Мы расстались. Свернув в переулок, я заметил человека, следовавшего в отдалении за Маратом. Это был верный Роше.
На душе у меня стало спокойнее.
Симонна встретила меня настороженно: она почуяла недоброе.
Прочитав записку Марата, она всплеснула руками:
— Боже, я догадывалась об этом… Сейчас ему только не доставало новых скитаний…
Я старался успокоить ее, напомнив, что такое Марату не впервые.
— Уж кому не знать этого, как не мне, — рассеянно промолвила Симонна, — но ведь раньше было все по-иному…
Я выразил удивление, Симонна пристально посмотрела на меня:
— Он тебе ничего не говорил?
— О чем?
— Ну, значит, не говорил… — Она помедлила мгновенье и затем, продолжая смотреть мне в глаза, тихо сказала: — Ведь он очень болен, Жан…
Я недооценил ее слов. Пожав плечами, я заметил:
— Он болен все время, сколько я его знаю. Но это никогда не мешало ему делать свое дело.
— Нет, — возразила Симонна, — здесь не то. Ты даже не представляешь всего ужаса положения.
Я готовился слушать дальше. Но она не сказала больше пи слова.
— Что же это? — спросил наконец я.
— Он сам тебе ничего не говорил? — снова повторила она.
— Да я уж сказал тебе, что нет.
— Следовательно, не считает нужным. — Она вздохнула. — Сейчас соберусь и побегу. Но как мы справимся со всем этим — не представляю.
Я уловил в ее глазах то особенное выражение, которое поразило меня при первой встрече. Значит, болезнь мужа делала ее такой встревоженной…

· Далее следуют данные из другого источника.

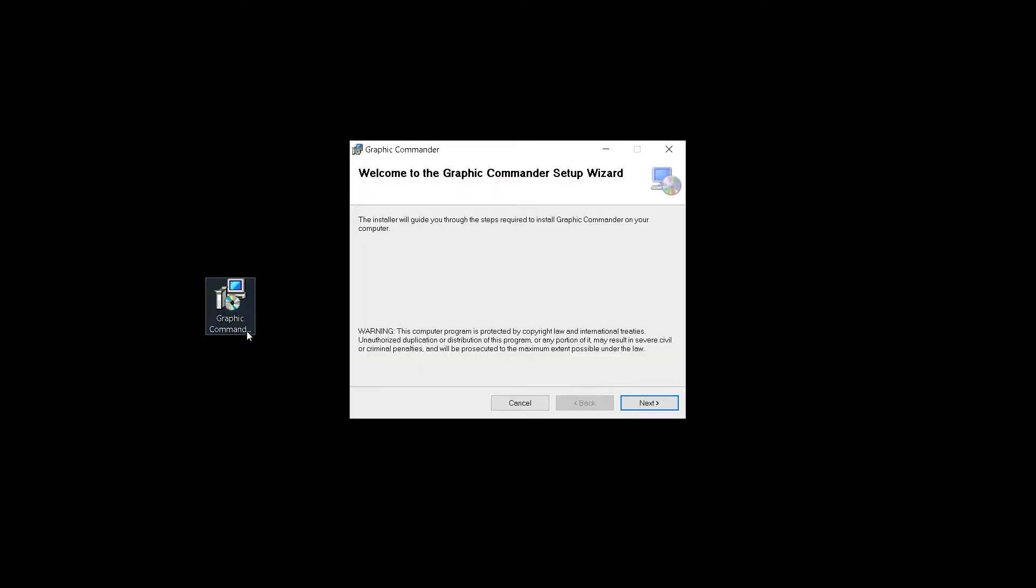To start off with we will be installing the software as provided by Polycomp. This is software version 1.0.22. Double click on the software to start the installation process.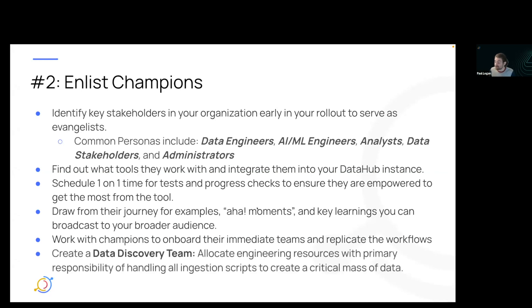Help them teach their teams and onboard them individually — this is the flywheel of creating more and more people using Data Hub correctly. Not everyone has this option, but Etsy, for example, had a data discovery team that handled all of the ingestions and custom scripting, which makes it easy to create a critical mass of data within your Data Hub and make it more useful.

— И все же, — сказал я после паузы, — раз ты начала, нужно сказать все. Я ведь друг ему. Что же это за болезнь?
— Не спрашивай, Жан, я сама ничего не знаю… И врачи не знают… И сам он не может ничего понять, а он ведь, тебе известно, разбирается в болезнях. Его постоянно одолевает жар, треплет лихорадка. У него почти непрерывные мигрени…
— Так бывало и раньше.
— Но не так часто. И при этом… — Она вдруг заплакала.

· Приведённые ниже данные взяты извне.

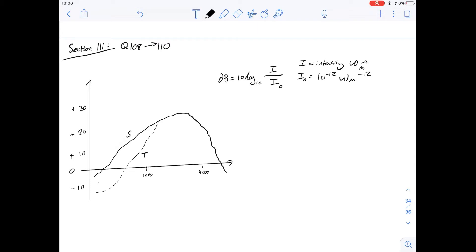Hi, I'm Carl and in this video we're going to have a look at the final set of questions from section 3 of the purple booklet. This is questions 108 to 110. This is a question about hearing aids and the values of frequencies that are amplified, which is called gain. We're given quite a lot of information here. We'll start with 108, which says hearing aid S has most of its gain in the frequency range from 600 to 4500 hertz. S is a good general purpose hearing aid — why?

Я чувствовал, что больше она ничего не скажет. Стремясь унять ее слезы, я уверял, что все это не так страшно, хотя сам ровно ничего и не понял.
Мои утешения были не нужны: слезы ее мгновенно высохли, она сделалась сосредоточенной и спокойной.
— Прости, мне надо идти. Он сам расскажет тебе обо всем. Хочешь — оставайся у нас.
Я поблагодарил ее и сказал, что у меня еще много дел. Я не мог в таком состоянии ни спать, ни сидеть. Меня тянуло на улицу.
Мы вышли вместе.
* * *
Слова Симонны взволновали меня. Но потом, трезво все взвесив, я решил, что она преувеличивает. Что это за мифическая болезнь? Ведь Марат показался мне совершенно здоровым — он выглядел лучше, чем год назад, да и энергии у него хоть отбавляй. Нет, Симонна, как любящая женщина, слишком все драматизировала. Нет, сейчас опасность в другом. Неугомонный Друг народа сам накидывал себе петлю на шею. Зачем ему понадобился этот проклятый циркуляр? Зачем он так неразумно вел себя в Конвенте? Он думает, что если сумел уйти от гнева Учредительного и Законодательного собраний, то, значит, он вообще неуязвим? Неужели он не понимал разницы? Ведь ныне борьба шла не на жизнь, а на смерть, и враги, начав грязное дело, не успокоятся, пока не доведут его до конца. Он надеется на свою популярность? Но популярность не спасает того, чье дело попадет в Чрезвычайный трибунал!.. Мороз пробежал у меня по коже — я вспомнил страшную машину там, на площади Воссоединения… Да, теперь время было иным, чем при фельянах: на карту ставилась жизнь. А он, словно не понимая этого, лез прямо на рожон… Кто защитит его? Кто спасет от мести Роланши и ее своры? Робеспьер? Дантон? Или, может быть, Демулен?..
Расстроенный и смущенный, я не знал, куда деваться. Нужно было поговорить с кем-то, обсудить положение, подумать о защите. Но с кем? К Фрерону идти не хотелось, к Демулену — тем более.
Я побежал к Якобинцам и встретил всю компанию в сборе.
* * *
В клубе накал страстей, казалось, достиг своего апогея. Галдеж стоял невообразимый. Я понимал, что здесь дело не только в личности Марата, весьма популярного у якобинцев, но и в том, что бешеная атака жирондистов против председателя клуба ощущалась якобинцами как удар по Обществу в целом.
Когда я вошел, Дюбюиссон только что дал слово Робеспьеру, и тот, стоя на трибуне, ожидал, пока стихнет шум.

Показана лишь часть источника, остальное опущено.